1. What is the biggest contribution of flight delays?
2. Which holiday month (July, November, or December) is the worst for travel?
3. What is the most efficient airport?
4. Are airports generally getting more efficient over time?
The data was collected via the Bureau of Transportation Statistics and loaded to R via CSV loaded into GitHub:
https://www.transtats.bts.gov/OT_Delay/OT_DelayCause1.asp?pn=1
#Load Packages
library(ggplot2)
library(kableExtra)
library(scales)
library(dplyr)
library(tidyr)
#Load Raw Data
flights_raw <-
read.csv("https://raw.githubusercontent.com/dhairavc/DATA606/master/flights_delays.csv")
head(flights_raw)
#Update column names
flights_raw <- flights_raw[, 1:21]
names(flights_raw) <- c("year","month","carrier","carrier_name","airport","airport_name",
"arr_flights","arr_del15","carrier_ct","weather_ct","nas_ct",
"security_ct","late_aircraft_ct","arr_cancelled","arr_diverted",
"arr_delay","carrier_delay","weather_delay","nas_delay",
"security_delay","late_aircraft_delay")
#Calculate percetage of flights delayed per observation
flights_raw <- flights_raw %>% mutate(del_pct = arr_del15/arr_flights)
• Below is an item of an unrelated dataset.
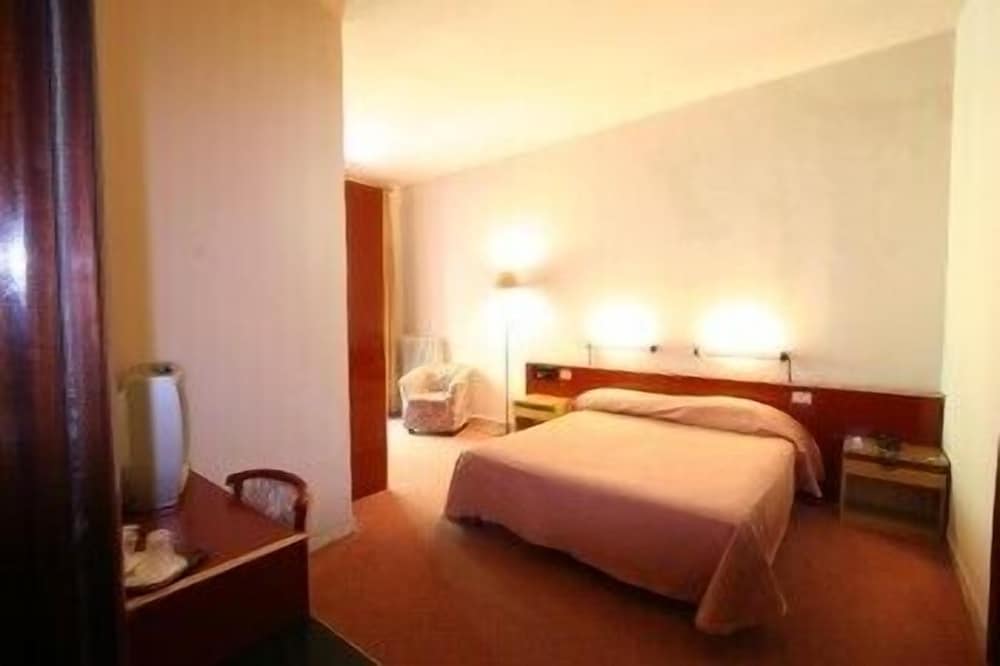 Single Room photo 2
#Add a Categorical varibale called month name
month <- 1:12
month_nm <- c("Jan", "Feb", "Mar", "Apr", "May", "Jun", "Jul",
"Aug", "Sep", "Oct", "Nov","Dec")
months <- data.frame(month, month_nm)
flights_raw <- left_join(flights_raw, months, by = "month")
#Data descriptions
Field <- c("year", "month", "carrier", "carrier_name", "airport", "airport_name",
"arr_flights", "arr_del15", "carrier_ct", "weather_ct", "nas_ct",
"security_ct", "late_aircraft_ct", "arr_cancelled", "arr_diverted",
"arr_delay", "carrier_delay", "weather_delay", "nas_delay",
"security_delay", "late_aircraft_delay")
Description <- c("Year (yyyy)", "Month (mm)", "Airline carrier abbreviation",
"Airline carrier name", "Airport Code", "Airport Name",
"Total number of arriving flights in the observation",
"Total number of delayed flights in the observation",
"Number of flights delayed due to air carrier (subset of arr_del15)",
"Number of flights delayed due to weather (subset of arr_del15)",
"Number of flights delayed due to National Aviation System (subset of arr_del15)",
"Number of flights delayed due to airport security (subset of arr_del15)",
"Number of flights delayed due to a previous flight using the same aircraft being late",
"Number of cancelled flights",
"Number of flights diverted",
"Arrival delay in minutes",
"Carrier delay in minutes (subset of arr_delay)",
"Weather delayed in minutes (subset of arr_delay)",
"National Aviation System in minutes (subset of arr_delay)",
"Security delay in minutes (subset of arr_delay)",
"Aircraft delay in minutes (subset of arr_delay)")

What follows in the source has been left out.